Thanks for the answer! It seems like it’s past time that I should review Zygote’s docs.

This is not specific to Zygote, it’s about the definition of derivative — so I would review your calculus.

As mentionned by @stevengj, argmax is a piecewise constant function, therefore gradient optimization doesn’t work since you’ll always have zero value gradient.

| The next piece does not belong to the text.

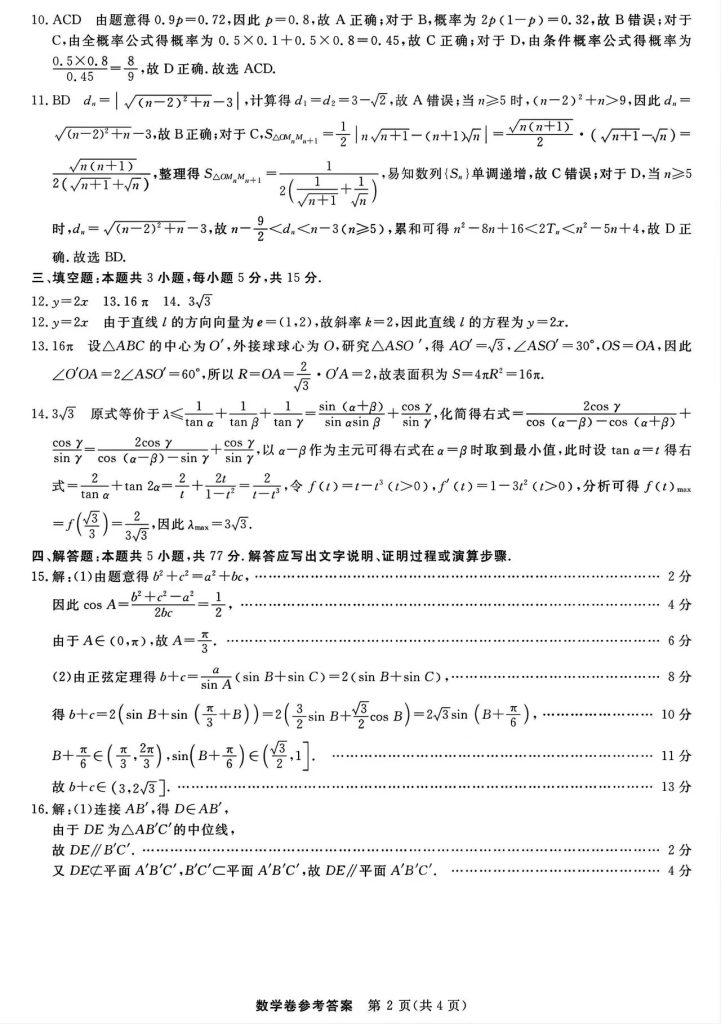 cebb0f6c13683c65b592e945427cb804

If you absolutely need to use argmax in your pipeline, you can checkout InferOpt.jl, a package that provides tools to be able to differentiate through combinatorial algorithm layers (argmax can be seen as a very simple combinatorial algorithm).

1 Like

Sorry, my comment about reading the docs was without context. It was regarding my side question about development process and how to troubleshoot situations and not about the mathematical aspects. You’re right, it was out of place and confusing.